- _Exercise objective_: What are the lines below, starting at the line containing "Perfect Reformation Dillon" and ending at the line containing "Talbots Ivory Mixed"? Write them out exactly, ends included, without pictures.

- _Given records_:
#####

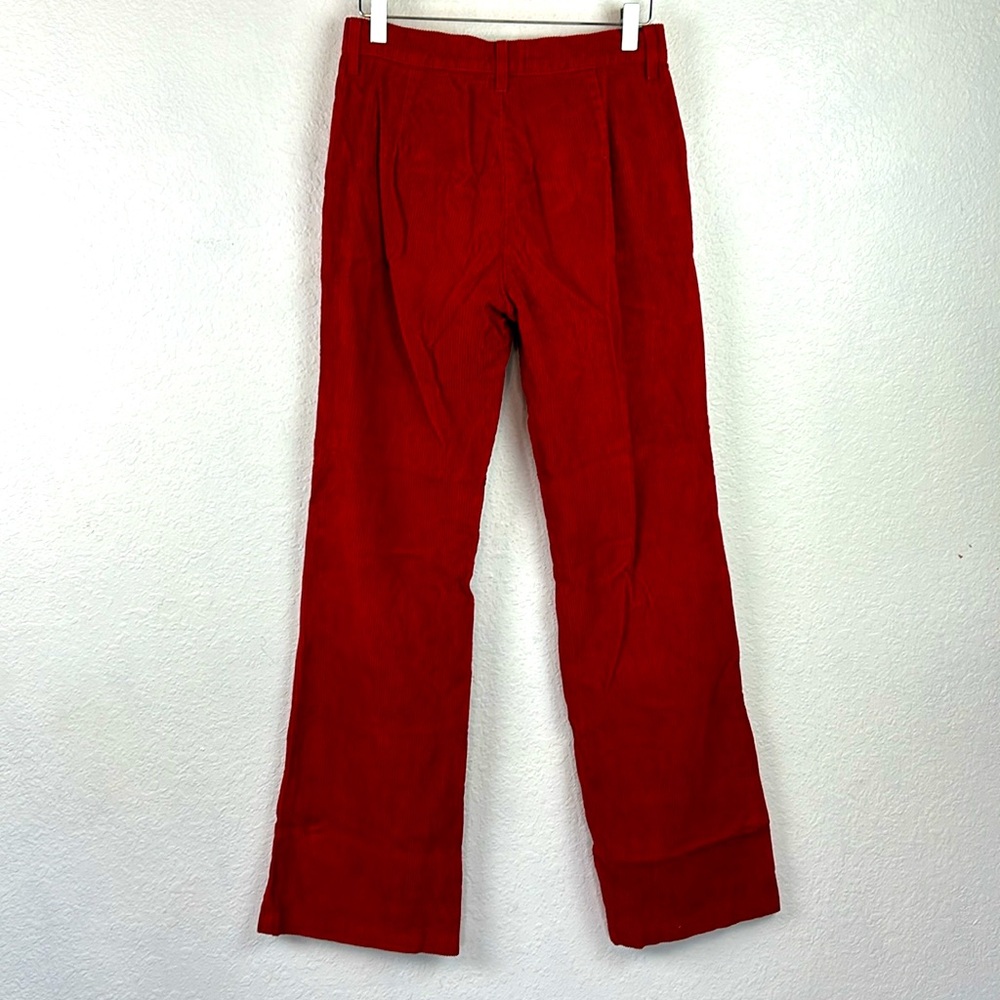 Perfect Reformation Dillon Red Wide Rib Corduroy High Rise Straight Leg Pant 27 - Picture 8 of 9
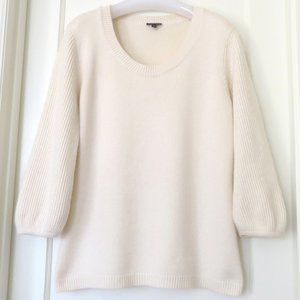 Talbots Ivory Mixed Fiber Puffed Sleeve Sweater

#####

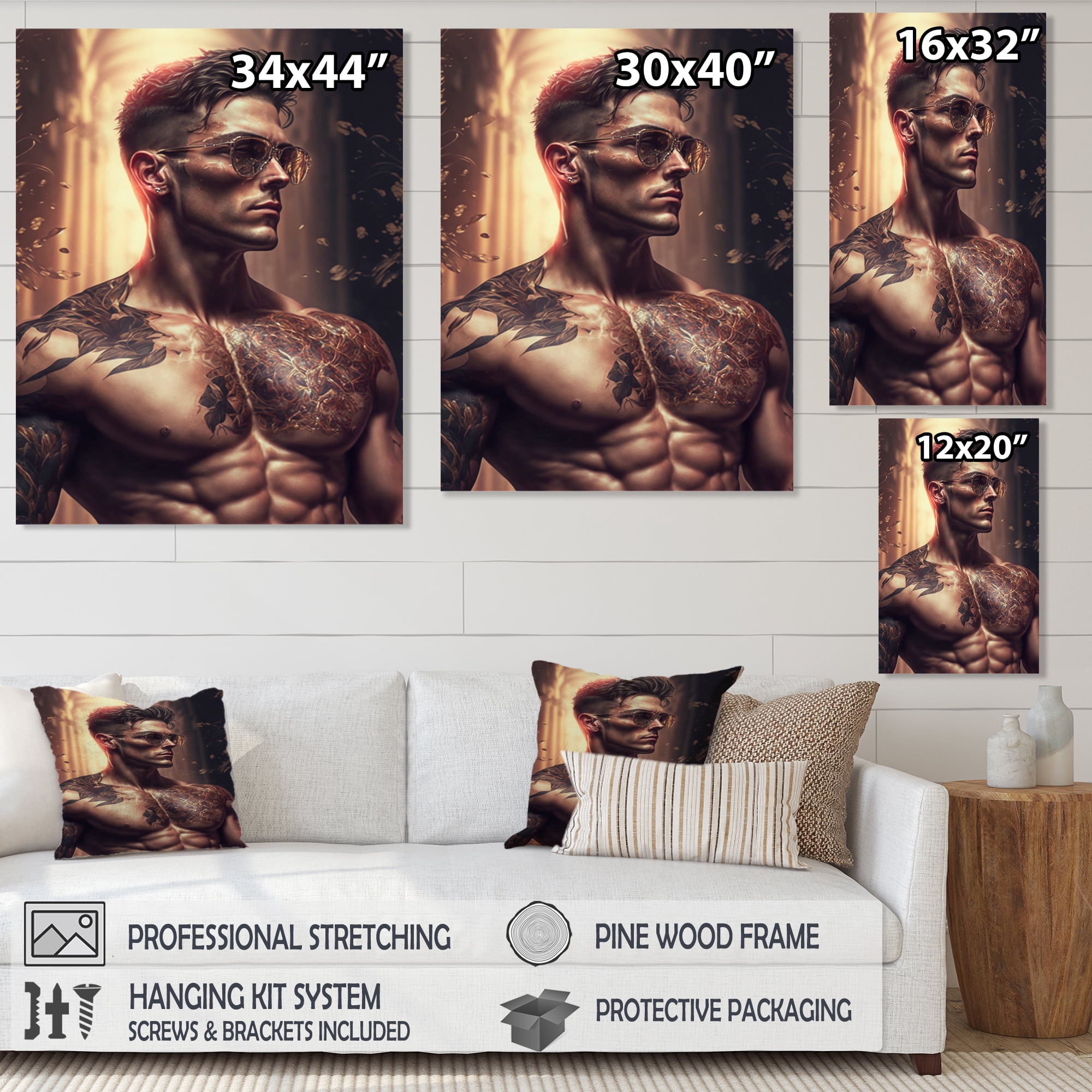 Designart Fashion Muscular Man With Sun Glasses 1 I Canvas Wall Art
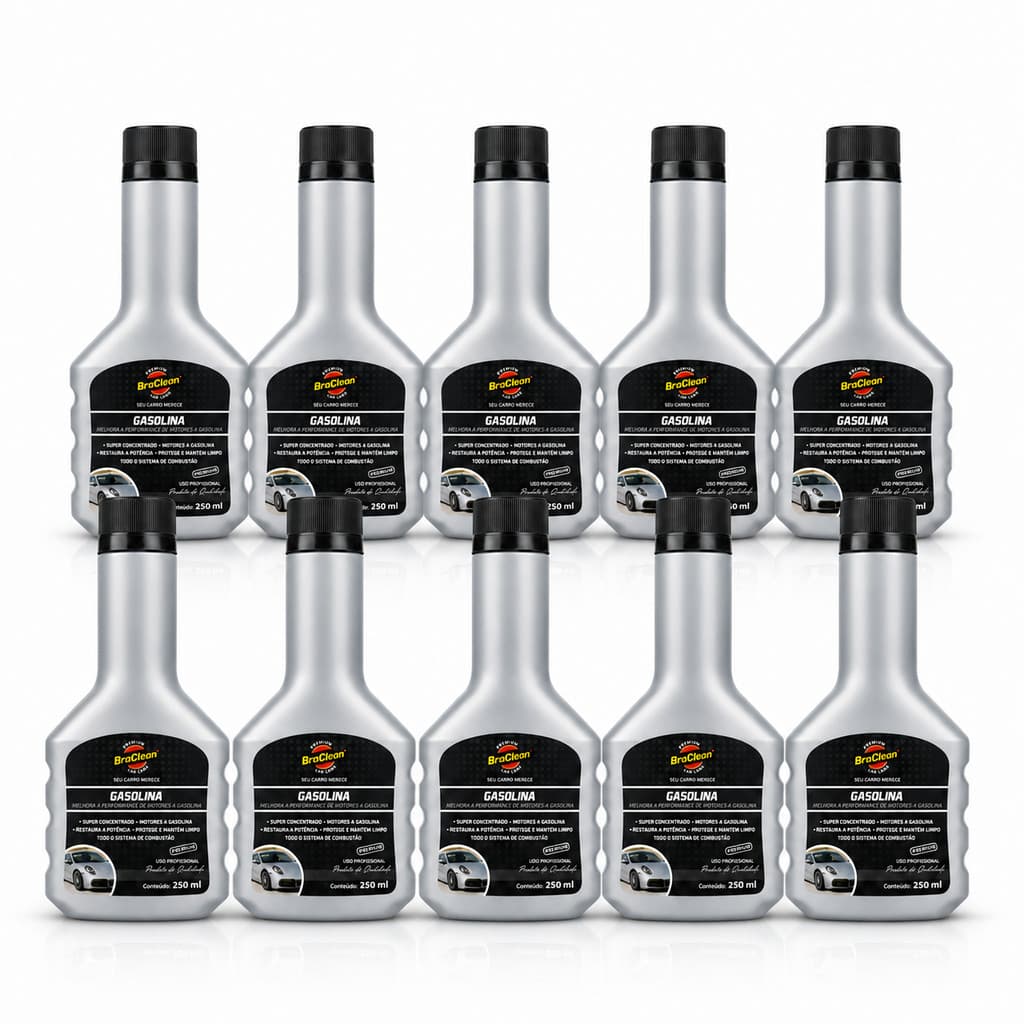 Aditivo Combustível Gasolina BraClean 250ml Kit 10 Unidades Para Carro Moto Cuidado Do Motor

#####

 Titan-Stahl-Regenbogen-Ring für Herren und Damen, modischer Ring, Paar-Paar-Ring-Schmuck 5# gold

#####

- _Response to the exercise_:
 Perfect Reformation Dillon Red Wide Rib Corduroy High Rise Straight Leg Pant 27 - Picture 8 of 9
 Talbots Ivory Mixed Fiber Puffed Sleeve Sweater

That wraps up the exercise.